The terms ‘biodegradable’ and ‘compostable’ are often used to describe materials that break down in a specific environment and consumers often equate those terms with an environmentally-friendly product. However, the terms are often used inappropriately, and therefore a growing number of states, including and many municipalities around the US, have legislation about using those terms.
For example, in California, Maryland and Washington, it is illegal to use the term ‘biodegradable’ in any marketing terms associated with plastic. This is because ‘biodegradable’ is often interpreted as ‘compostable’ and can cause contamination for composters.
Let’s look at the terminology and what the Green Guides want you to know about marketing.
‘Biodegradable’ means that an item can be consumed by
organisms like bacteria or fungi that will help break the item down into some compounds found in nature. The term doesn’t reference any specific conditions required for the item to break down nor does it refer to the extent of the degradation or anything that might be left behind once the item degrades.

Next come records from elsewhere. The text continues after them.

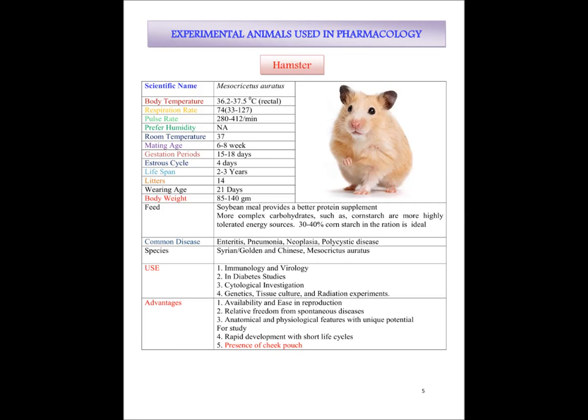Estrus cycle shown by hamster is 4 days and lifespan is 2 to 3 years. Litter size is 14. Weaning age is 21 days. Body weight varies from 85 to 140 grams. Their feed includes meal and a breakdown protein supplement; they can eat other carbohydrate-containing foods such as corn starch and others. Common diseases from which hamsters suffer are enteritis, pneumonia, neoplasia and polycystic disease.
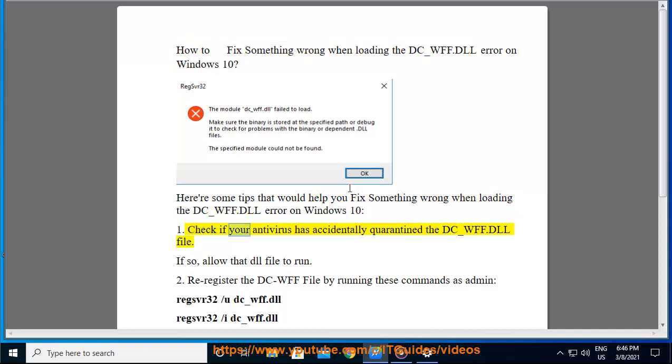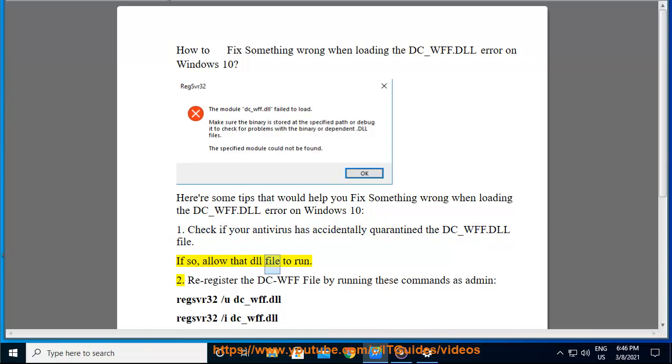1. Check if your antivirus has accidentally quarantined the dc-wff.dll file. If so, allow that dll file to run.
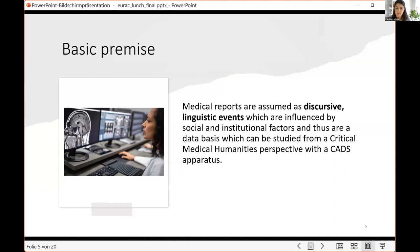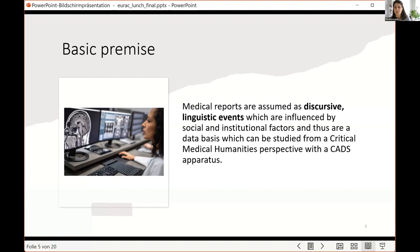Some research questions are: Are male and female patients discussed similarly or differently in radiology reports? How are patients talked about in general? What other identity categories are made salient? How is language used when talking about people? The basic premise is that medical reports are discursive linguistic events influenced by social and institutional factors. The goal of critical medical humanities is to question routines and norms of both medical and humanities disciplines — for example, the male patient as norm.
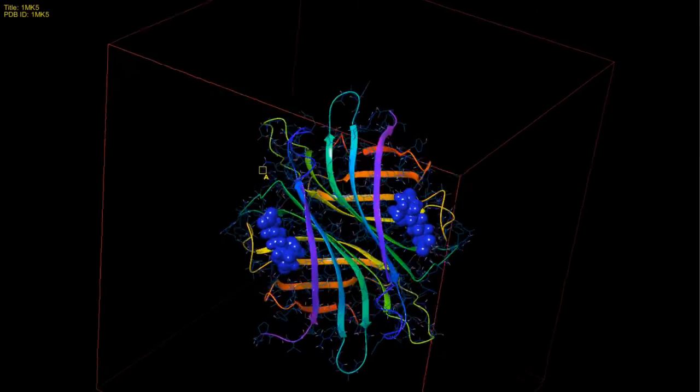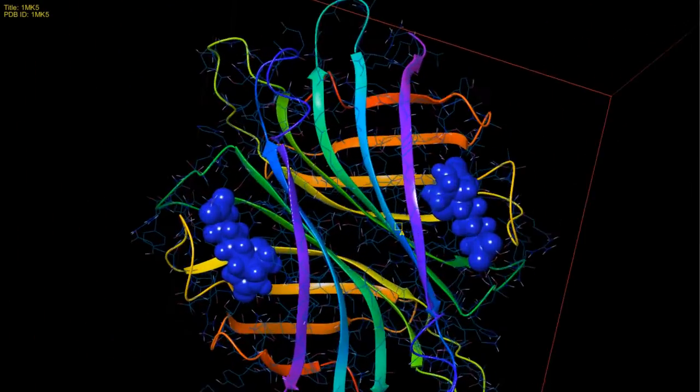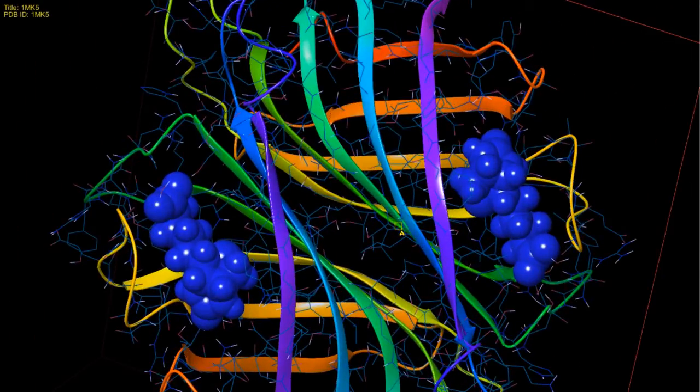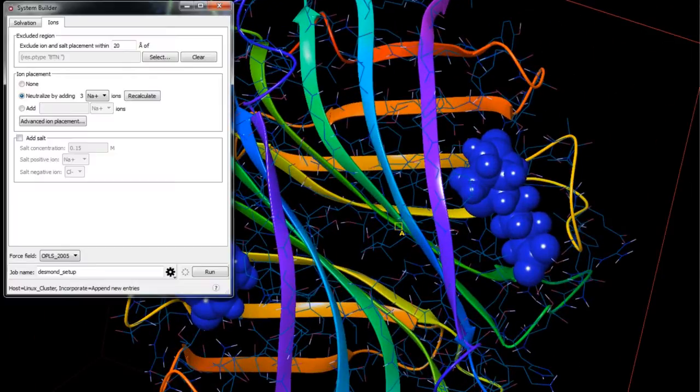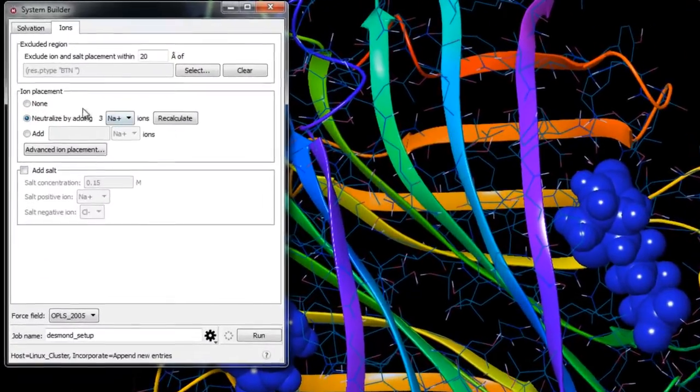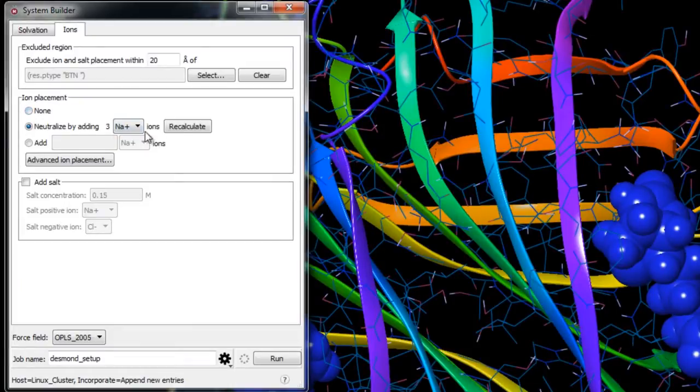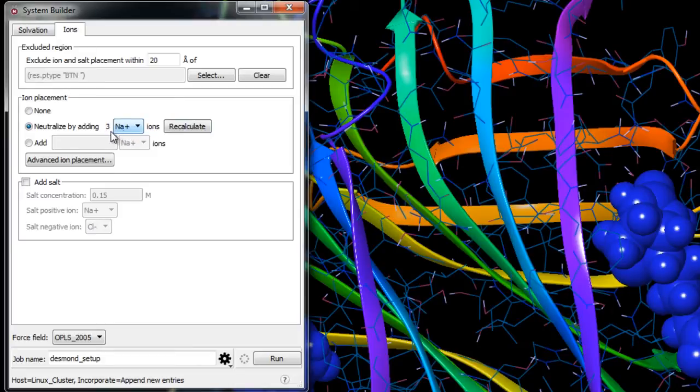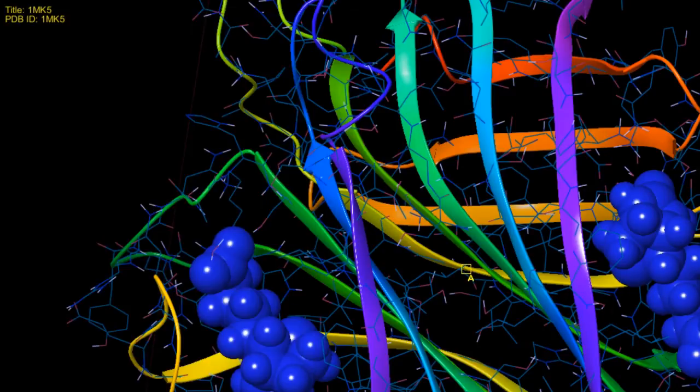For the ion placement we'll recalculate to set the number of ions needed to neutralize the system. Here it's saying it will add three sodium ions. This makes sense because the status bar down below indicates the protein has a charge of negative three.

If you are claiming that a product is biodegradable, you’ll need to have testing data that shows under what specific conditions it will break down (Aerobic? Anaerobic? Marine? Sunlight? Heat?) and that the entire package (including inks, adhesives and labels) will break down within a year.
The current Green Guides also mention the term ‘after customary disposal.’ This is important. If the customary disposal of an item is landfill, incineration or recycling, a biodegradable claim would be considered deceptive unless there is clear and prominent data that shows the rate and extent of the degradation in that customary disposal environment. Obviously, that’s not possible in an incinerator or recycling facility and nothing breaks down in a landfill in one year.
Claiming that an item is biodegradable is tricky business, and puts your company at risk of being accused of making deceptive claims.